***** Input records

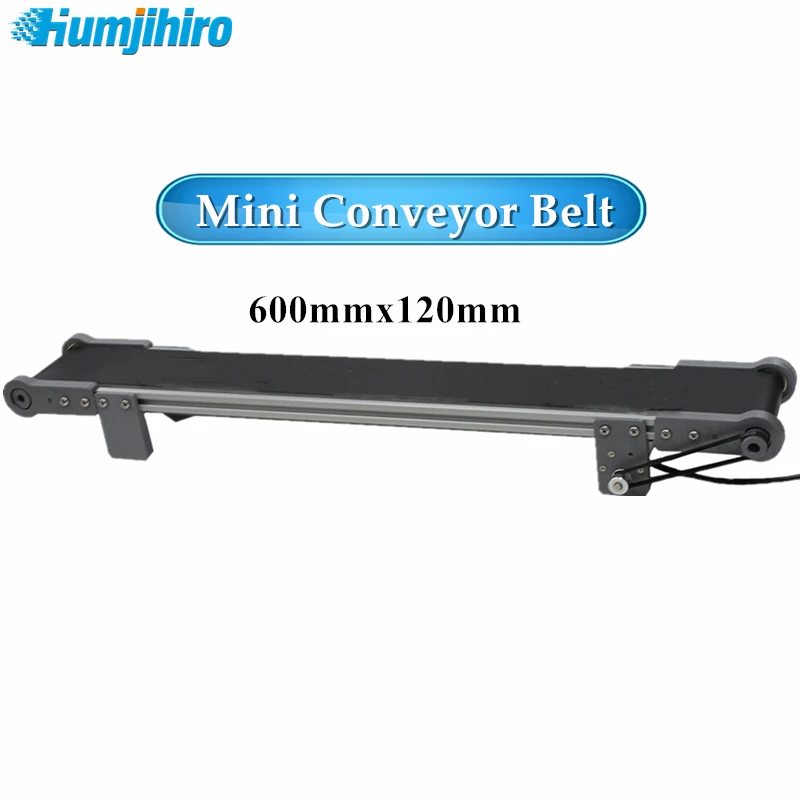 Mini Conveyor Belt for Thermal Inkjet Printer Food Industry Conveyor Assembly Production Line adjustable Speed Conveyor Belt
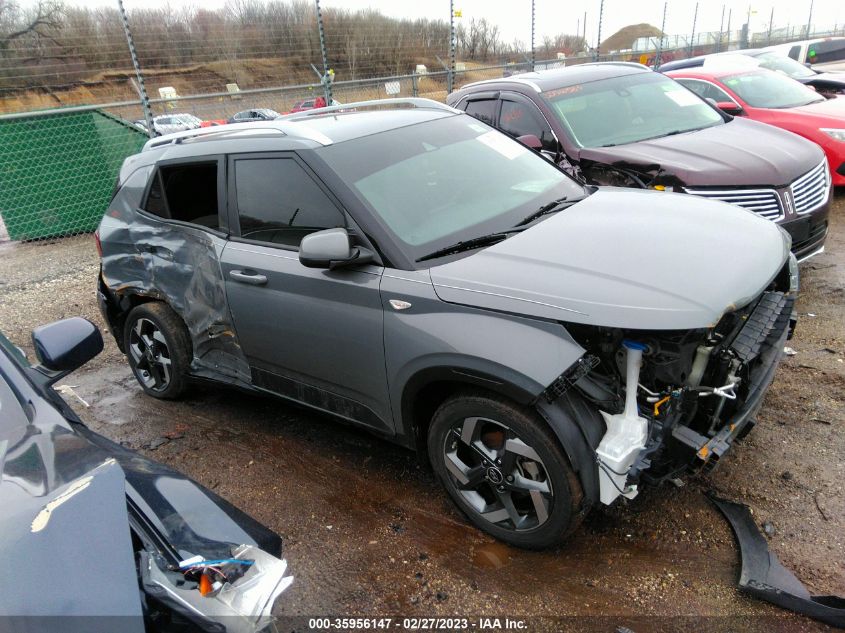 2021 HYUNDAI VENUE SEL - KMHRC8A36MU093431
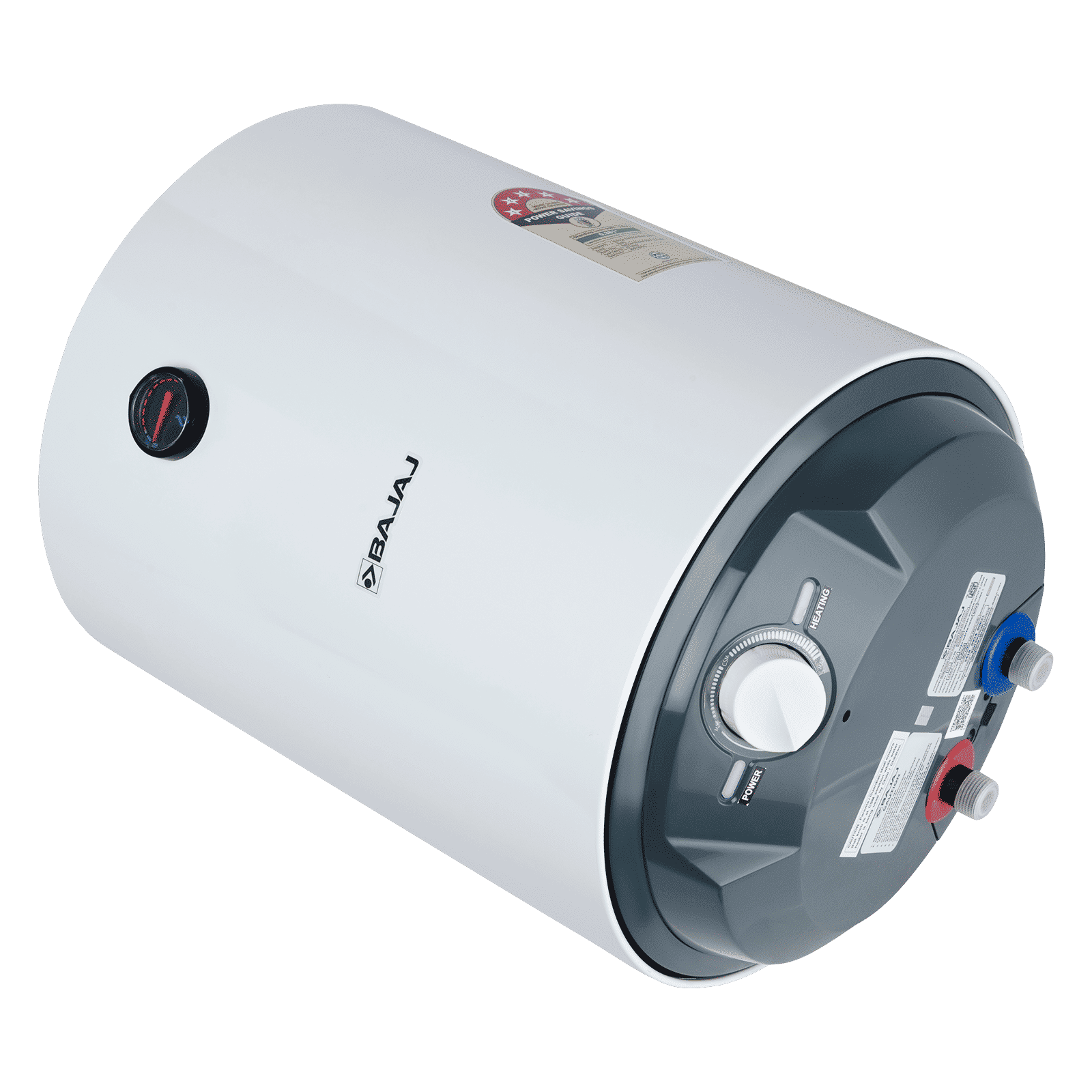 BAJAJ Shield New Shakti Pro 10 Litre Vertical Storage Geyser with Swirlflow Technology (White)_6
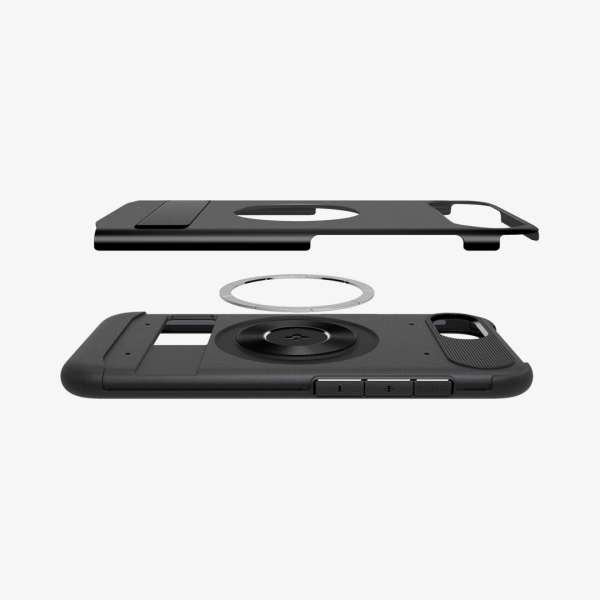 Spigen Slim Armor MagSafe iPhone 16e Black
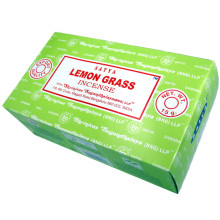 SATYA прямоуг. благовония Lemongrass ЛИМОННИК 15гр. блок 12шт.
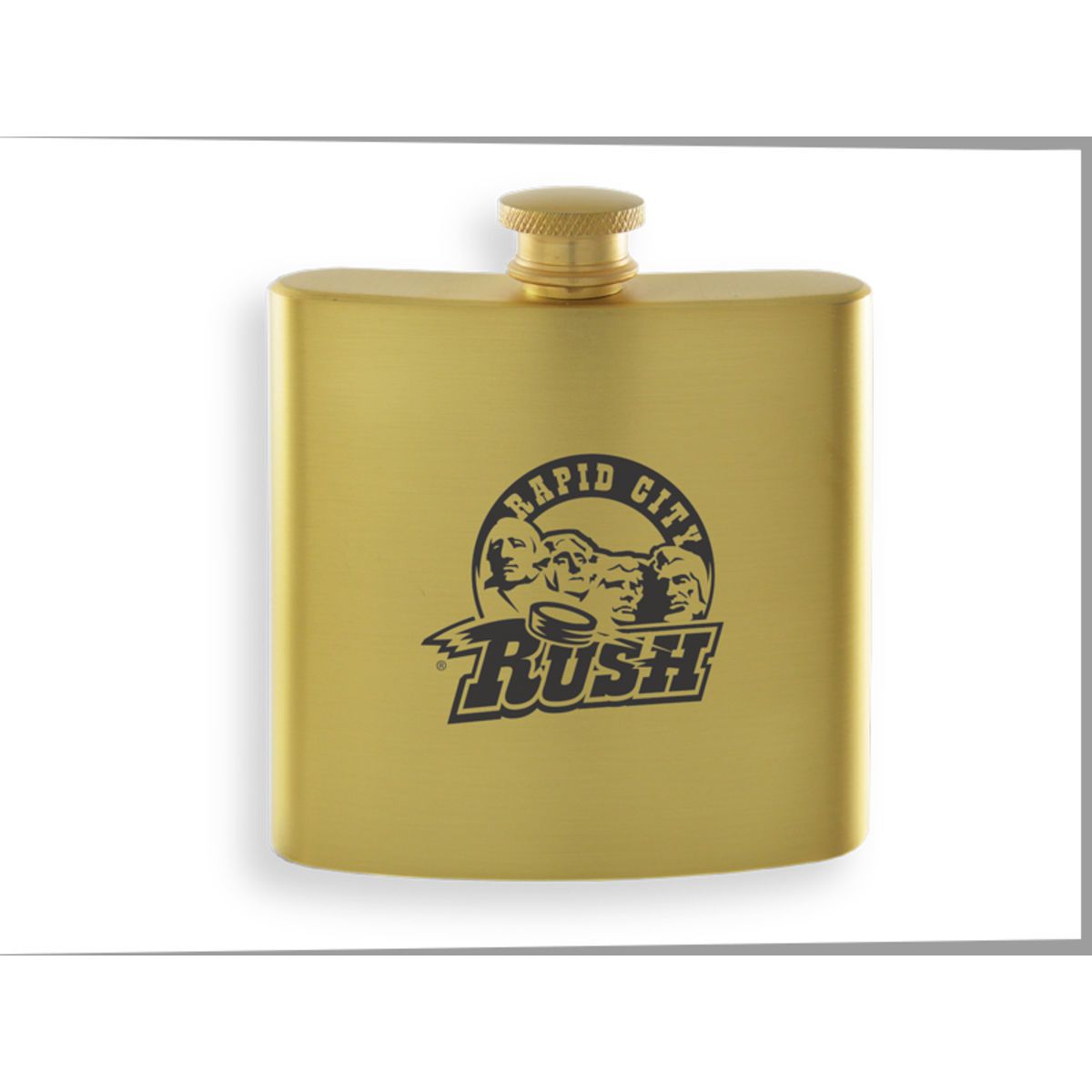 6 oz. Executive Flask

**********

- [Exercise directions]
The lines from the one containing "SATYA прямоуг. благовония" to the last line of the records, both included: print exactly those and nothing else, leaving out any pictures.

- [Output below]
 SATYA прямоуг. благовония Lemongrass ЛИМОННИК 15гр. блок 12шт.
 6 oz. Executive Flask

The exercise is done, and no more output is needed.